[SOURCE DATA]
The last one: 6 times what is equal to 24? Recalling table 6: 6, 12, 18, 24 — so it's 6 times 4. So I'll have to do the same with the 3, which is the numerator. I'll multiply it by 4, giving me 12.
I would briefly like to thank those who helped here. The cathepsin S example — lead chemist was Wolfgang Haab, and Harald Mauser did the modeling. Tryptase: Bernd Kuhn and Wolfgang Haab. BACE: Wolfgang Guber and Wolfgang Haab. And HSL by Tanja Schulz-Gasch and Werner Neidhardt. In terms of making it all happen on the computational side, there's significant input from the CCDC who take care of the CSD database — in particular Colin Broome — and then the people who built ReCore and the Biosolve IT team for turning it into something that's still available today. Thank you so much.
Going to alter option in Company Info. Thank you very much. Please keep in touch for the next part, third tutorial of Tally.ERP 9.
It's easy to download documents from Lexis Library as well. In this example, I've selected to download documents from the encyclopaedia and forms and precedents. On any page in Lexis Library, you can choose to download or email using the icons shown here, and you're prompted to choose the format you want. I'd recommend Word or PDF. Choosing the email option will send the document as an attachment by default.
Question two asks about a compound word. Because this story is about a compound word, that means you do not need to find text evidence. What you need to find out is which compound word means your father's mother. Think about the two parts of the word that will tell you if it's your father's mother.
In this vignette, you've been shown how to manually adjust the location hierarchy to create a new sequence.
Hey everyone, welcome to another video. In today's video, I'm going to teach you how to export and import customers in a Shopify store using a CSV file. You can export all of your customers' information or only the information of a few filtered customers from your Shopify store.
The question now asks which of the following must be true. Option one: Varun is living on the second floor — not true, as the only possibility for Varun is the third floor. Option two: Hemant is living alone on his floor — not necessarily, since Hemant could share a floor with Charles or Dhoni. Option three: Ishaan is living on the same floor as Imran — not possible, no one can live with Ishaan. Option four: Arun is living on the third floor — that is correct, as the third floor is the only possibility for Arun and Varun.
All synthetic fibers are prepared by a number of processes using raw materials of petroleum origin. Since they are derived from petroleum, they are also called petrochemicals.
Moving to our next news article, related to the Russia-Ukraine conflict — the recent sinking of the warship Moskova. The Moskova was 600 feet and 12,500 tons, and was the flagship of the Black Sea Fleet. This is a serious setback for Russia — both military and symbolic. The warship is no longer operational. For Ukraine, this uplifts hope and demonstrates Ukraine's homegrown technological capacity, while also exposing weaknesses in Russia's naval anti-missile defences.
[/SOURCE DATA]
[SOURCE DATA]
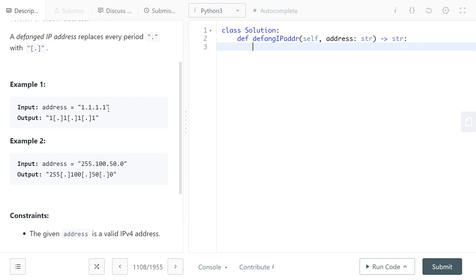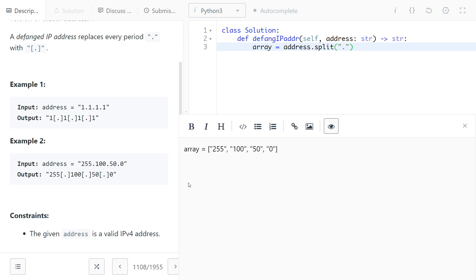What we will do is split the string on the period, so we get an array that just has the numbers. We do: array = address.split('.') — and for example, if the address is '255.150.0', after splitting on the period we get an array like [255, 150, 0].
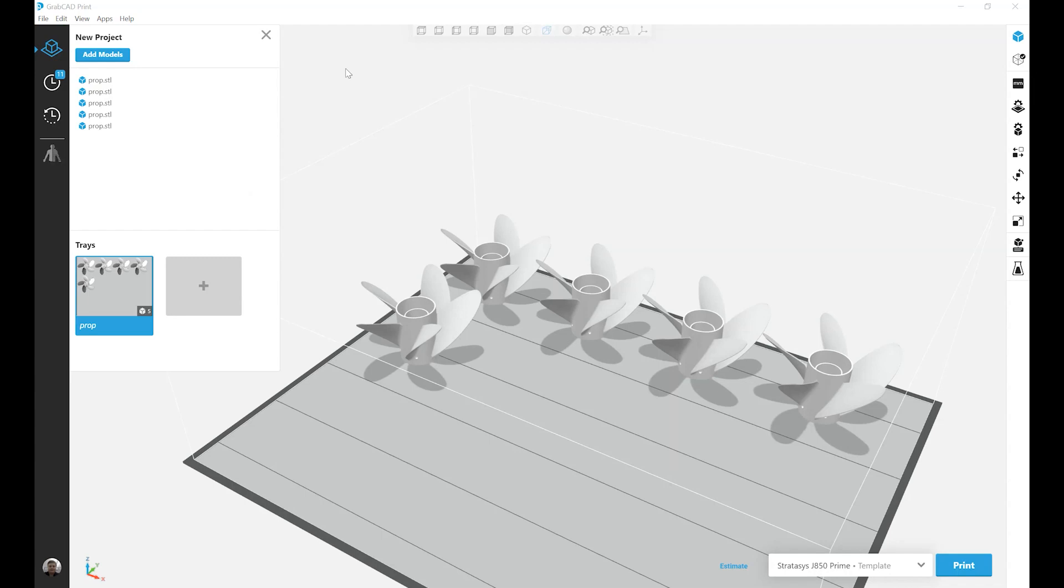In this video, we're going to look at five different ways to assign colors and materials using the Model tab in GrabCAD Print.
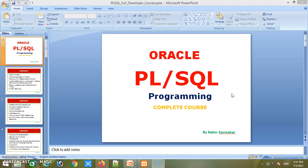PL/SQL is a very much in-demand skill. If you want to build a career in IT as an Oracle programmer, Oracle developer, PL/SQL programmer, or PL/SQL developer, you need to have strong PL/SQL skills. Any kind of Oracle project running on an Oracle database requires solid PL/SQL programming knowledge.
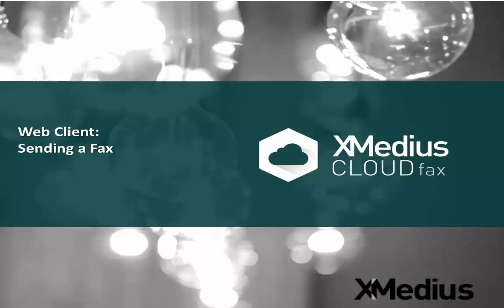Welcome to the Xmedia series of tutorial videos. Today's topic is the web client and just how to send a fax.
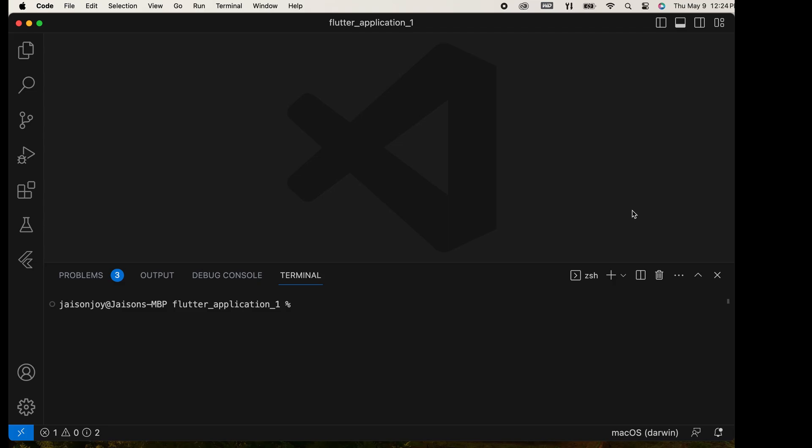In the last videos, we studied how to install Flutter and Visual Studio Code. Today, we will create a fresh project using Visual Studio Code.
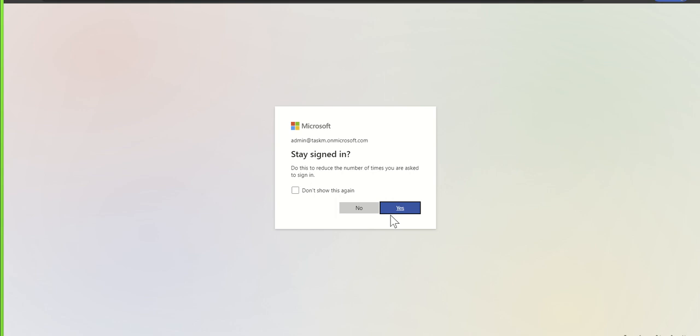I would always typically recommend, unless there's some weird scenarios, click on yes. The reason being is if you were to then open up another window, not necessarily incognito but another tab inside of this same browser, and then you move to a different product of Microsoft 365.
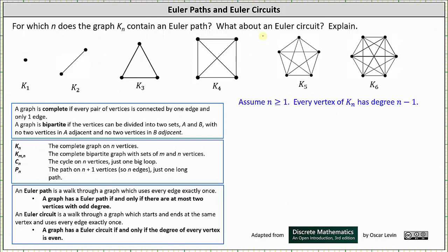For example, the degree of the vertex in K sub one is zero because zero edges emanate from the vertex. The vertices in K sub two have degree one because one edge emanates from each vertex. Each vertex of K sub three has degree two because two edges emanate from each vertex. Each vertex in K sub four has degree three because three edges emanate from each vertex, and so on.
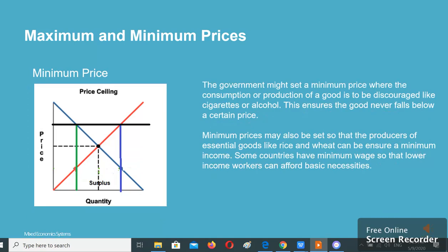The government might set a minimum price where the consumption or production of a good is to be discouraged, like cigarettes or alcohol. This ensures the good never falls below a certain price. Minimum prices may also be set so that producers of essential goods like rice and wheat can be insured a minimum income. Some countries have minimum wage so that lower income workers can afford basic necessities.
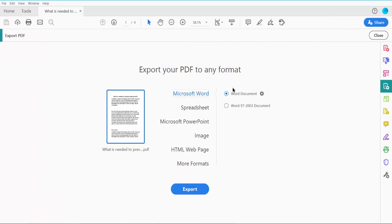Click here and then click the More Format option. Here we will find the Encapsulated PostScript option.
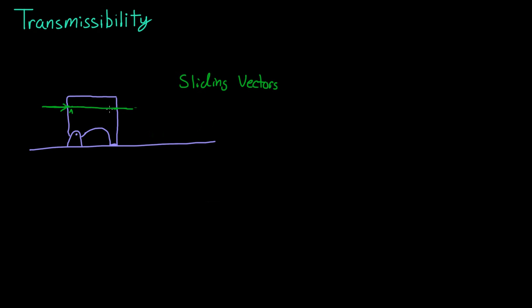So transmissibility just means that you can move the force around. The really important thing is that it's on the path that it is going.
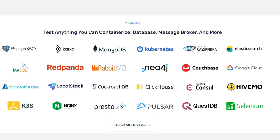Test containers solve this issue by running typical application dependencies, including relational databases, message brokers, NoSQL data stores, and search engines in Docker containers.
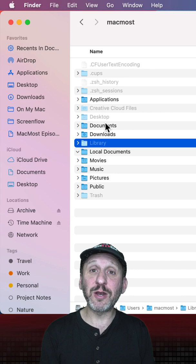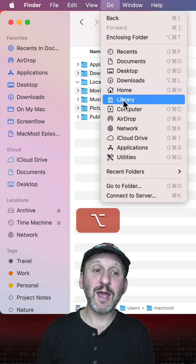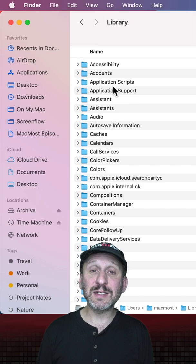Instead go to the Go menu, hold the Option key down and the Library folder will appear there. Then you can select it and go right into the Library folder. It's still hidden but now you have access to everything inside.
[/SOURCE DATA]
[SOURCE DATA]
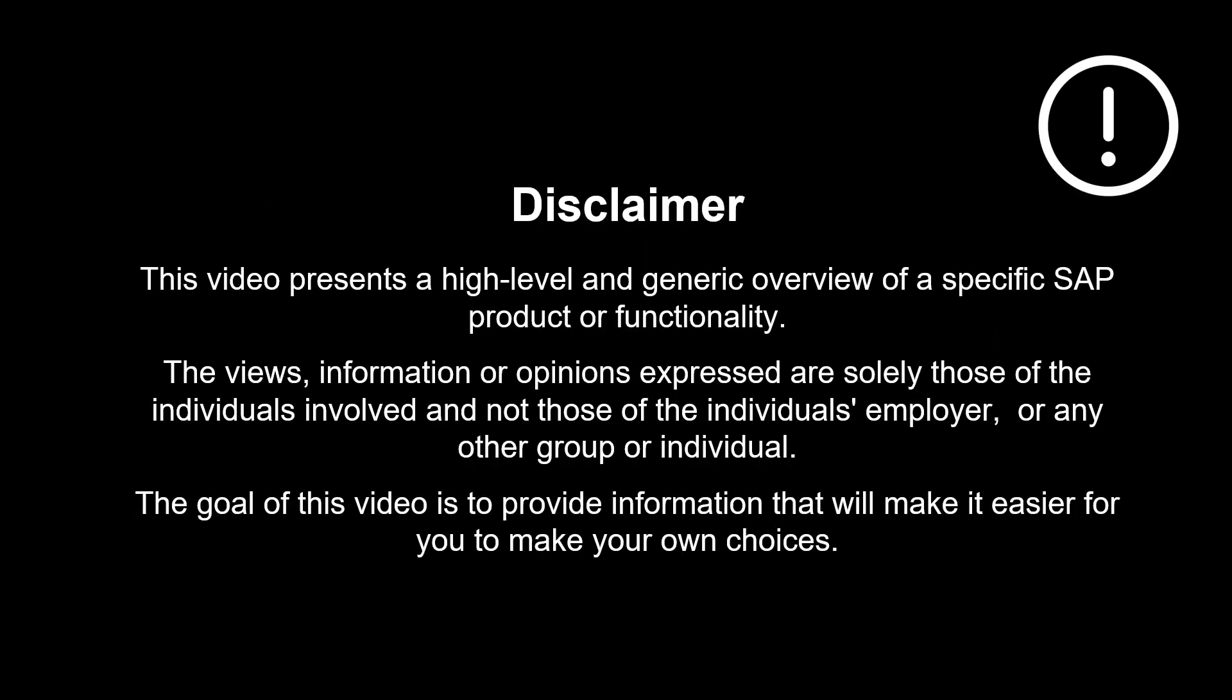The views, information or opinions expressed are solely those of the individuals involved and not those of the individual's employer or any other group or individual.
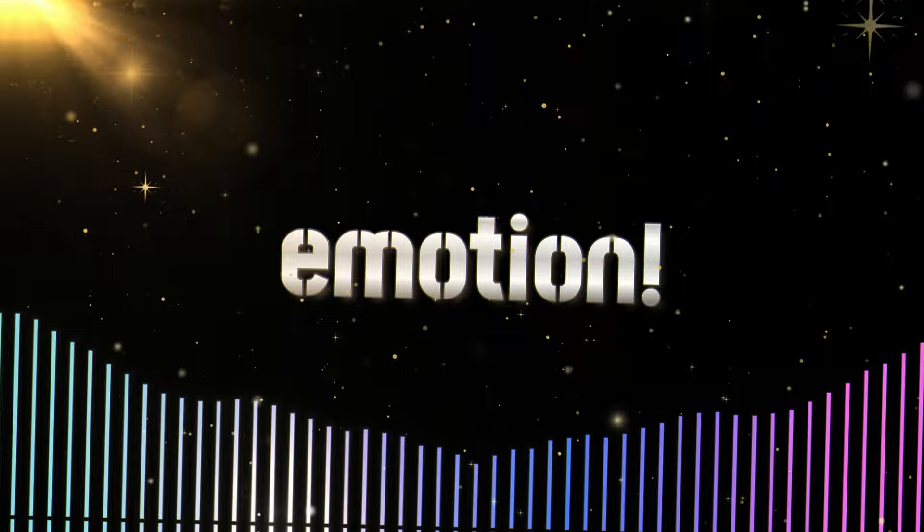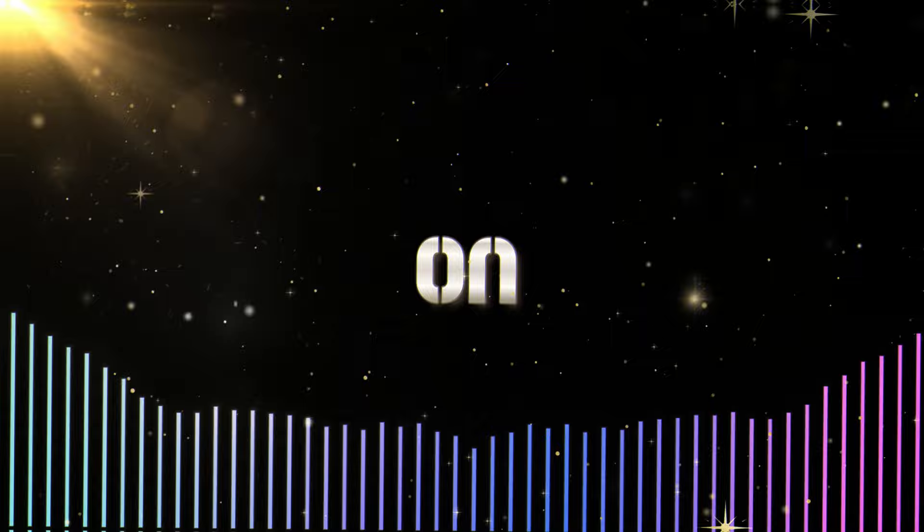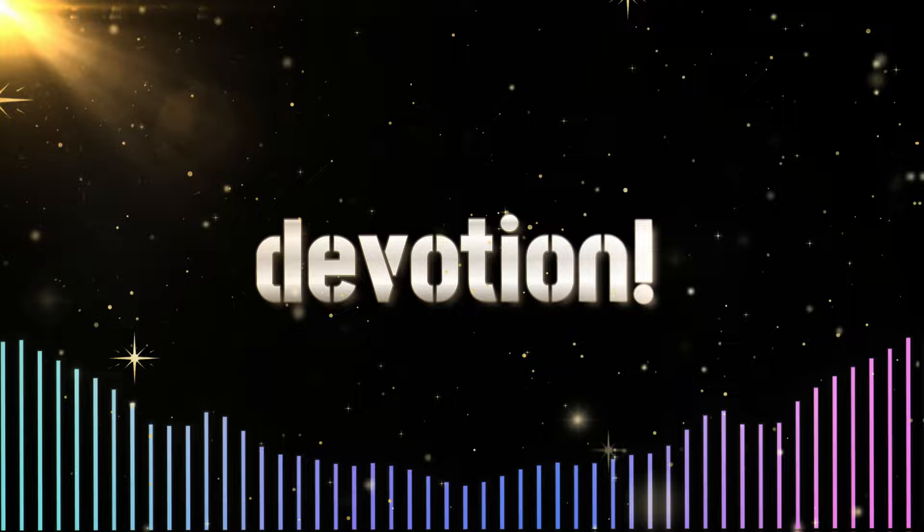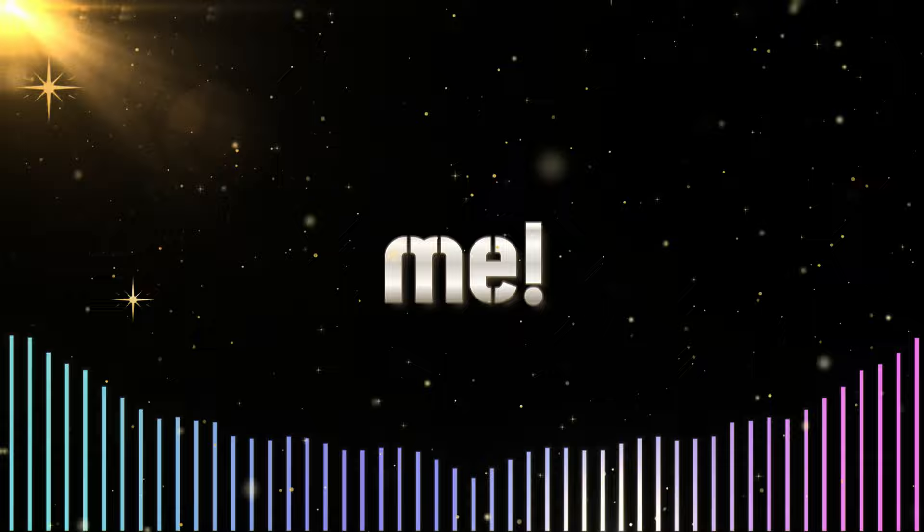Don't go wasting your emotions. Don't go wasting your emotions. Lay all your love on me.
[/SOURCE DATA]
**EXERCISE**: In the material, count each line that holds the string "asks", and report only how many there are.

**RESPONSE**: 2